Sitting in the hospital drinking a bland coffee I'm crying again. Because again, I failed my daughter. Jack has his head in his hands. The door swings open and a doctor comes to sit with us.

"Ms. Thomas?" She says, looking at me and I lift my head up to look at her.

"Your daughter has RSV." She says and I feel the blood come back to roar in my ears. Of all the things that could be wrong, this and SIDS were one of the worst. I let the tears continue rolling down my face.

"What exactly is RSV?" Asks Jack. The doctor gives him a look of judgement. She stands up, looking down at the chart.

"It's a respiratory virus, it's fairly common. Equivalant to the common cold in adults, we've started her on tube feeding and a ventilator. " She says, jotting something on the clipboard before moving to walk to the door.
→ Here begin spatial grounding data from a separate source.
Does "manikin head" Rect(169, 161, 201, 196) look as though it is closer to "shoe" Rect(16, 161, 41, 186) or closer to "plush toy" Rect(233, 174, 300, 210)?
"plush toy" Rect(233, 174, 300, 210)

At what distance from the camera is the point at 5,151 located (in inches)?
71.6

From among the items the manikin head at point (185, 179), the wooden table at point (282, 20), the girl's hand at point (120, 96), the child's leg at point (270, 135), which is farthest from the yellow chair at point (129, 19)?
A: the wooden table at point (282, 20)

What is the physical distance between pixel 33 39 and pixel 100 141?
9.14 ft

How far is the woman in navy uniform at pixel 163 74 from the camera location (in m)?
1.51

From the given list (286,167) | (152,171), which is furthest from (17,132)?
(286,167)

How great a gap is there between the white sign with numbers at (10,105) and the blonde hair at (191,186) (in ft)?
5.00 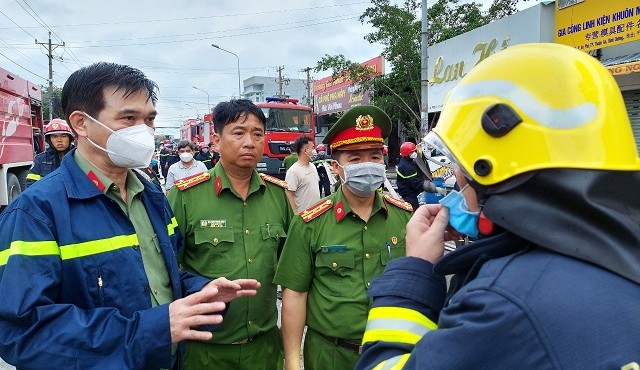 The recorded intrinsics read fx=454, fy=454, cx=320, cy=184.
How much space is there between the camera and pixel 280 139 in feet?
51.1

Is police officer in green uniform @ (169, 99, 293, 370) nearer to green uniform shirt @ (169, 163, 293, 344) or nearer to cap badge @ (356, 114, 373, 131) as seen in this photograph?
green uniform shirt @ (169, 163, 293, 344)

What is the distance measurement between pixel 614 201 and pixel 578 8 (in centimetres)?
962

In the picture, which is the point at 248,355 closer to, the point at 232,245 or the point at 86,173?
the point at 232,245

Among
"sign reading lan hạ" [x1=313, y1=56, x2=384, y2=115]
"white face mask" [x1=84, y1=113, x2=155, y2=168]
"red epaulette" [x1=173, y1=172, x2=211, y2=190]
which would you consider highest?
"sign reading lan hạ" [x1=313, y1=56, x2=384, y2=115]

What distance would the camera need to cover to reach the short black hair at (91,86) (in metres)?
1.78

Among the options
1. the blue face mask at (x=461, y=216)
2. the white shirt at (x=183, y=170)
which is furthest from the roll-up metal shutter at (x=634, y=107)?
the blue face mask at (x=461, y=216)

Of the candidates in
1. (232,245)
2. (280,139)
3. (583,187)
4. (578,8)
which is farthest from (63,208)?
(280,139)

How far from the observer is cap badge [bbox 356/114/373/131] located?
2425mm

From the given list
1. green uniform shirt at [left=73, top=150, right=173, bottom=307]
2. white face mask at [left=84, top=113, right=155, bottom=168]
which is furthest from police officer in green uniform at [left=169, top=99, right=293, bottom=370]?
white face mask at [left=84, top=113, right=155, bottom=168]

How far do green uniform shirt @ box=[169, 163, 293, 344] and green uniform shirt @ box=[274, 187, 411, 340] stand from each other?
11.1 inches

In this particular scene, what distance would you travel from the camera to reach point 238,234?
2.52 meters

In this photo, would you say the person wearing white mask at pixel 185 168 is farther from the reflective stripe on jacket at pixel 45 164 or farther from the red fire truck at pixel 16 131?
the red fire truck at pixel 16 131

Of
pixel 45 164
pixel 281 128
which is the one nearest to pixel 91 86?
pixel 45 164

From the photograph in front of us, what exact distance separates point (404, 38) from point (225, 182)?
1523 cm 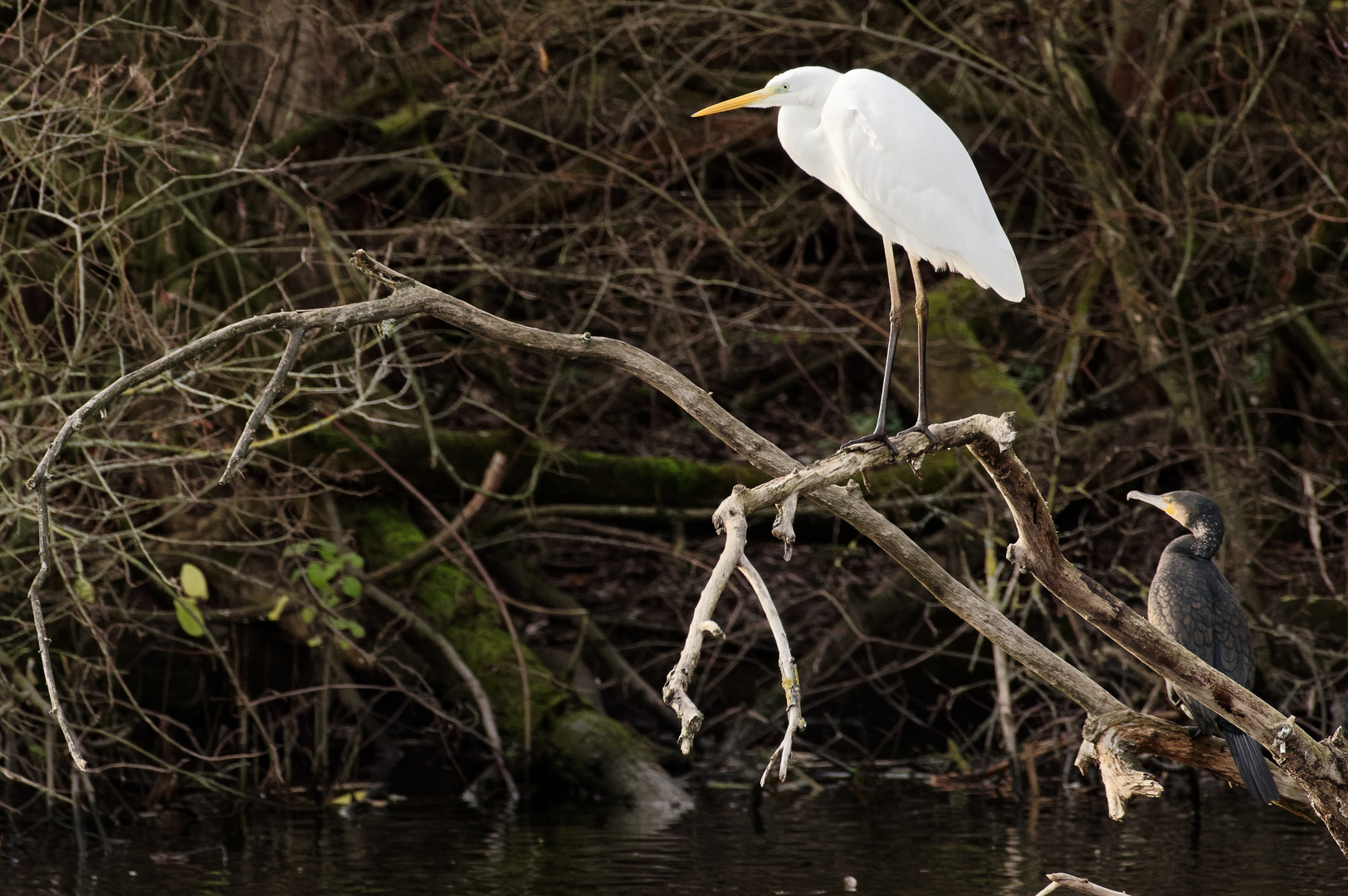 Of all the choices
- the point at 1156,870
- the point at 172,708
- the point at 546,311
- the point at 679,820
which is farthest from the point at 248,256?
the point at 1156,870

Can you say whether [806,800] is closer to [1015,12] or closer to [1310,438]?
[1310,438]

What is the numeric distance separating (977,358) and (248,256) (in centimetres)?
423

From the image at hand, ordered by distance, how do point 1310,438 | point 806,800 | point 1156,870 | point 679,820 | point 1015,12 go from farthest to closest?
point 1310,438 → point 1015,12 → point 806,800 → point 679,820 → point 1156,870

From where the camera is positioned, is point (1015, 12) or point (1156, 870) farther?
point (1015, 12)

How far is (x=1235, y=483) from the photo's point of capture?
304 inches

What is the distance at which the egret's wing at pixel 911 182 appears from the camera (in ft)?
14.8

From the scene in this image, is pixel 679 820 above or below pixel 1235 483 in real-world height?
below

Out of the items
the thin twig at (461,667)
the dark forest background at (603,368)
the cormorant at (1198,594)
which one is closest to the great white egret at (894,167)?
the cormorant at (1198,594)

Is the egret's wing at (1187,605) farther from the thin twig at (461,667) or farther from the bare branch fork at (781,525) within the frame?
the thin twig at (461,667)

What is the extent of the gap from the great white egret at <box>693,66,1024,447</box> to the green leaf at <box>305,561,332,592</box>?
3.14 meters

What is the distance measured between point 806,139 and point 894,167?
31 cm

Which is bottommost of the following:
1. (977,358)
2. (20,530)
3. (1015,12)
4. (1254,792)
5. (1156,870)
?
(1156,870)

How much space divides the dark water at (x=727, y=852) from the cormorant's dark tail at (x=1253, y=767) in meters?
1.89

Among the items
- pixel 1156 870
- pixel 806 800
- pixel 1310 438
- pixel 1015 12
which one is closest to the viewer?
pixel 1156 870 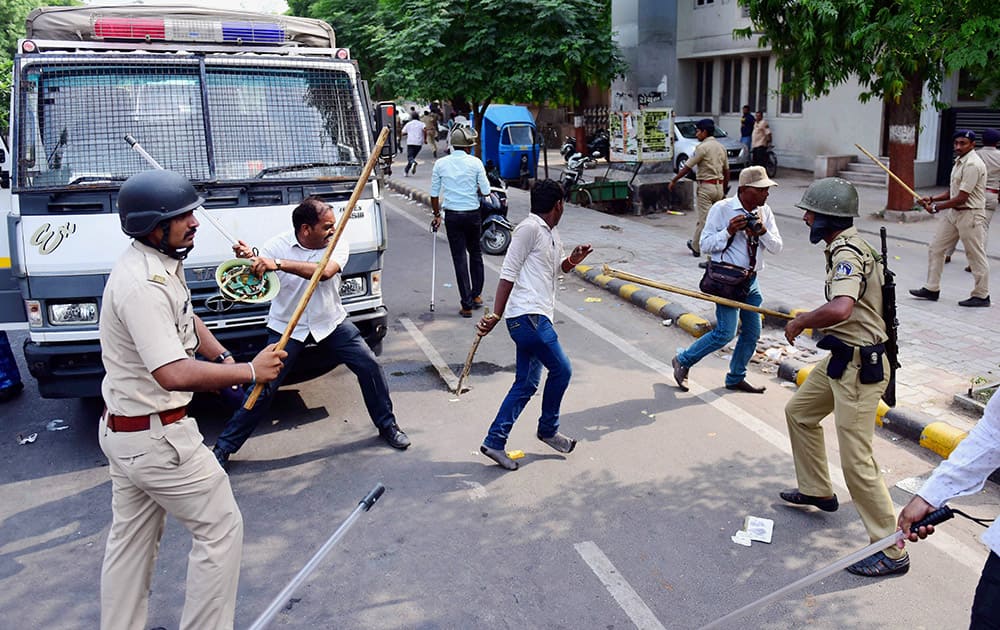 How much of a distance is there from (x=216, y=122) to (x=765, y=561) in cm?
482

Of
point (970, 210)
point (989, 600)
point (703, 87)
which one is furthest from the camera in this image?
point (703, 87)

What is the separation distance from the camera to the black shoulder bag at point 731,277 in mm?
6273

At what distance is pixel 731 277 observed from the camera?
6281 millimetres

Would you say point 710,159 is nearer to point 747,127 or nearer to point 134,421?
point 134,421

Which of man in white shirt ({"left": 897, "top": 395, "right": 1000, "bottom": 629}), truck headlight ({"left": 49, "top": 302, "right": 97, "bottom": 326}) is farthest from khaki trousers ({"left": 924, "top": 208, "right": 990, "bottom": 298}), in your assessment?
truck headlight ({"left": 49, "top": 302, "right": 97, "bottom": 326})

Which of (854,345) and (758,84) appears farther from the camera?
(758,84)

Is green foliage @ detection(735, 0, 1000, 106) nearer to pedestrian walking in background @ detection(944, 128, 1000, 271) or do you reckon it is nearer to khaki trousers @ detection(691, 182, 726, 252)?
pedestrian walking in background @ detection(944, 128, 1000, 271)

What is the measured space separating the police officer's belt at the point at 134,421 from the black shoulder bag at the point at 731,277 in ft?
14.2

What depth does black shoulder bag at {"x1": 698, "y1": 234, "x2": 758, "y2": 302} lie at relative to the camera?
6273 millimetres

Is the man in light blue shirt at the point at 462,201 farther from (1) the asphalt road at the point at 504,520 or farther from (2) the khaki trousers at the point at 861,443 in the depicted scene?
(2) the khaki trousers at the point at 861,443

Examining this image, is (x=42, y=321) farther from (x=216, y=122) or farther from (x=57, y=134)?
(x=216, y=122)

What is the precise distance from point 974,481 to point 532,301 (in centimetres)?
293

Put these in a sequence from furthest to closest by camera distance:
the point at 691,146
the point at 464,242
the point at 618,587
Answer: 1. the point at 691,146
2. the point at 464,242
3. the point at 618,587

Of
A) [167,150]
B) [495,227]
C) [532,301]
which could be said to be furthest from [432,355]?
[495,227] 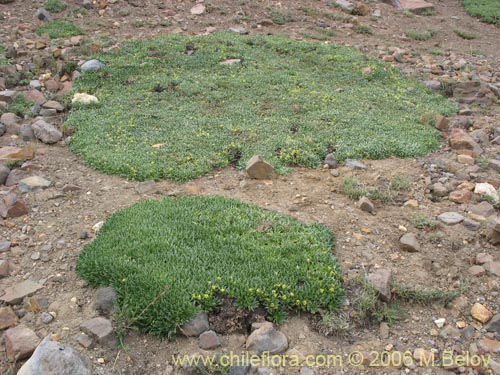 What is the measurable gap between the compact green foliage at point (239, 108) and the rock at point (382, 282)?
2.19 m

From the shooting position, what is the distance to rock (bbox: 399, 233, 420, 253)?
514 cm

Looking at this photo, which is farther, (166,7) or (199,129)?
(166,7)

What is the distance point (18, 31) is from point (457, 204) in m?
8.99

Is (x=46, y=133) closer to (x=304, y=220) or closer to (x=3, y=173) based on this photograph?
(x=3, y=173)

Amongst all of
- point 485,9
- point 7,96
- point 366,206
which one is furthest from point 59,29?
point 485,9

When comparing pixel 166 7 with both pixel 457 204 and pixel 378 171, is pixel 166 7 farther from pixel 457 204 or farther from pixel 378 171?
pixel 457 204

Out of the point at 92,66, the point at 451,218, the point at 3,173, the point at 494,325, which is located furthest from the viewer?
the point at 92,66

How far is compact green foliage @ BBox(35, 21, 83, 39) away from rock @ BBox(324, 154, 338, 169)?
6.49 meters

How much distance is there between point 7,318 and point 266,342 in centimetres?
210

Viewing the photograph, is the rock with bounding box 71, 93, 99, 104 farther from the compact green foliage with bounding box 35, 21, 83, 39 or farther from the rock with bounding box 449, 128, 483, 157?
the rock with bounding box 449, 128, 483, 157

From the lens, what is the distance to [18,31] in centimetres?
1050

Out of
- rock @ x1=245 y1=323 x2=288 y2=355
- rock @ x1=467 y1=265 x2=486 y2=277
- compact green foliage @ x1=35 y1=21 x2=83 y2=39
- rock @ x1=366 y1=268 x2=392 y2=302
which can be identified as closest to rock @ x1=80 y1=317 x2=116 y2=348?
rock @ x1=245 y1=323 x2=288 y2=355

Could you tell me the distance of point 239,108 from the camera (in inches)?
318

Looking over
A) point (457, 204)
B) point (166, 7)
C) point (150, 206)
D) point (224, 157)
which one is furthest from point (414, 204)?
point (166, 7) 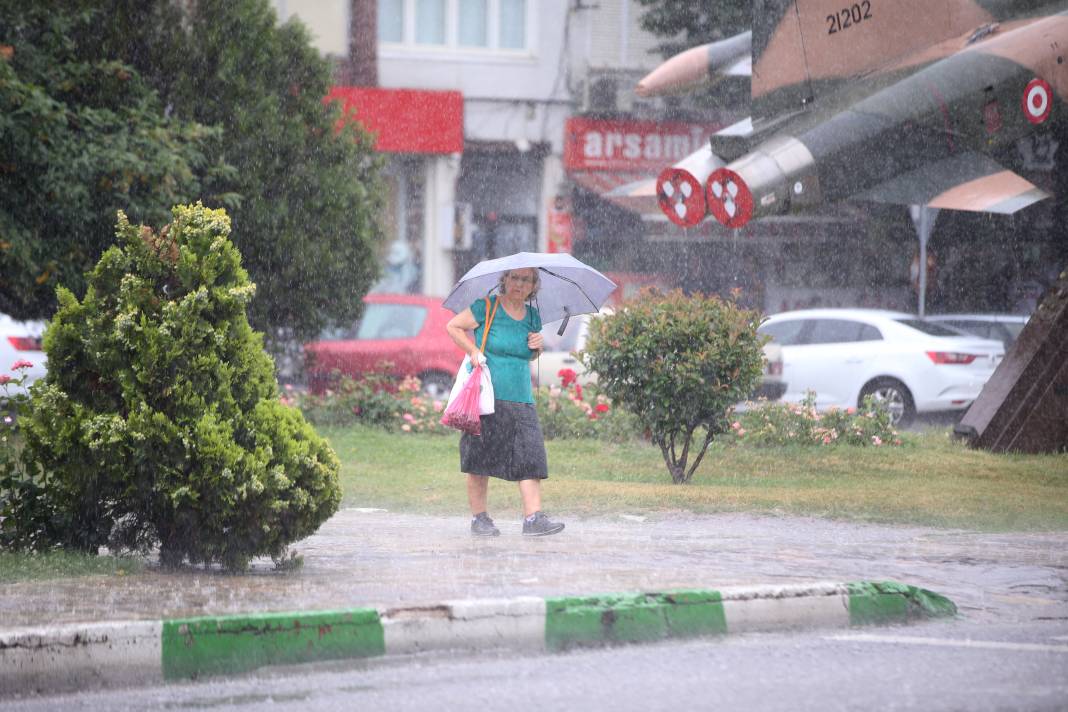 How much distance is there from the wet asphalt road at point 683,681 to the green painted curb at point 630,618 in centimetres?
10

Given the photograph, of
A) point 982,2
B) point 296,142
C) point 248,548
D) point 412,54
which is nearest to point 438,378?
point 296,142

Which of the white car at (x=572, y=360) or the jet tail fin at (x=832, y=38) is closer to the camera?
the jet tail fin at (x=832, y=38)

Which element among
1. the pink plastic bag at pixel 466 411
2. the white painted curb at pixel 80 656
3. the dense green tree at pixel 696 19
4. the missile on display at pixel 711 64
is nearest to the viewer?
the white painted curb at pixel 80 656

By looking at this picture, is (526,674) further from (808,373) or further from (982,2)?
(808,373)

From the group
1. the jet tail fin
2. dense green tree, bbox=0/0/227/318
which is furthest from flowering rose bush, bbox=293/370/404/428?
the jet tail fin

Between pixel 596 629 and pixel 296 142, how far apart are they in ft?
36.6

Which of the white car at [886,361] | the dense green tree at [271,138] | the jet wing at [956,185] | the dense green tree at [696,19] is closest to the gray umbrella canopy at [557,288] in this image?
the dense green tree at [271,138]

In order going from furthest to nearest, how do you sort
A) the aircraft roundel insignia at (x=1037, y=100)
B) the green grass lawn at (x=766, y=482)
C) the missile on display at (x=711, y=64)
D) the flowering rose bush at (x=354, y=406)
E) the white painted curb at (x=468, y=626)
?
the missile on display at (x=711, y=64), the flowering rose bush at (x=354, y=406), the aircraft roundel insignia at (x=1037, y=100), the green grass lawn at (x=766, y=482), the white painted curb at (x=468, y=626)

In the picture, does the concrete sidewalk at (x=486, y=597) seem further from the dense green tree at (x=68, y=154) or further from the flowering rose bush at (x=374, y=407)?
the flowering rose bush at (x=374, y=407)

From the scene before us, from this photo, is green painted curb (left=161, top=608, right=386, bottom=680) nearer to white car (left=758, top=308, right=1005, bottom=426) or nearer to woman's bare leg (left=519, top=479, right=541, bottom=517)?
woman's bare leg (left=519, top=479, right=541, bottom=517)

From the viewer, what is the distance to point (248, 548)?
670cm

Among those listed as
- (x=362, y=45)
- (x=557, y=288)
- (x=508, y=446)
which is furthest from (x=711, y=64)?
(x=508, y=446)

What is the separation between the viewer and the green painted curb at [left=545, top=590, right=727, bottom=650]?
5727 millimetres

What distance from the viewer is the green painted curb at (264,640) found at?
5266 millimetres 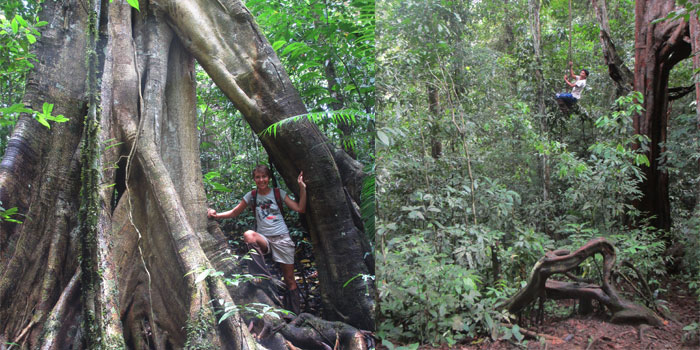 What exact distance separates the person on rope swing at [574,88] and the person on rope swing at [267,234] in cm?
153

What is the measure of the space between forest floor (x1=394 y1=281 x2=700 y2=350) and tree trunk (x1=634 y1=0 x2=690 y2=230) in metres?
0.41

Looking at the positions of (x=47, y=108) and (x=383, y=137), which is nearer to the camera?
(x=47, y=108)

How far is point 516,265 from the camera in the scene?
7.26 ft

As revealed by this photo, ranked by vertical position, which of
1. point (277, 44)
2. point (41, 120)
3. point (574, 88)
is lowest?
point (41, 120)

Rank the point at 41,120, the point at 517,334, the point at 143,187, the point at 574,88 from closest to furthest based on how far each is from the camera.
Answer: the point at 41,120 → the point at 143,187 → the point at 517,334 → the point at 574,88

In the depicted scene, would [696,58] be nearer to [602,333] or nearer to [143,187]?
[602,333]

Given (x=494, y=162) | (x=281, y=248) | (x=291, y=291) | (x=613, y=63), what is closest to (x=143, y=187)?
(x=281, y=248)

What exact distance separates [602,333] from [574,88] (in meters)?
1.20

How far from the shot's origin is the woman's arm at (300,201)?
2.14 m

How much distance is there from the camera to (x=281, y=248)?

I stand up, my hands shaking.

"Can, can I see her?" I ask. She nods and we follow her down the hall of the PICU, the last place I want to be. My daughter, has tubes in her nose, and an iv in her hand, her chest is covered in patches that I'm assuming are monitoring her. I reach my hand out to touch her tiny one. Her fingers close around mine. I feel my voice catch in my throat. Jack is silent. I don't speak. The doctor shuts the door behind her. I turn to look at Jack and he embraces in me his arms. He holds me like that for what feels like hours.

"I can't hold her." I whisper to him and he presses my head into the crook of his shoulder.  I'm sobbing now.

"Hey, she's going to be okay." It's than that I realize something. Who did she get it from, she doesn't go to daycare, she doesn't get babysat. It could've only been me or Jack and I'd hardly left the house at all. 

"Jack?" I whisper.

"What." He says into my ear. I pull away from him.

"she got it from you." I say, not accusatory but because I need to clarify for once it isn't my fault. He nods.

"Most likely one of the guys, its flu season shit goes around I didn't think that I could get her.. this sick." He said. He was expecting me to yell. I didn't. I lay back into his arms. We stayed like that all night, as doctor's and nurses walked in I didn't move from his arms in the chair. I watched them change her diaper, I watched as they checked vitals and she cried. I watched feeling completley helpless. Because my daughter was sick and she wanted her mom and dad. And all we could do was watch. Watch as she coughed, and cried and all we could do was hold her hands. Part of my heart broke then.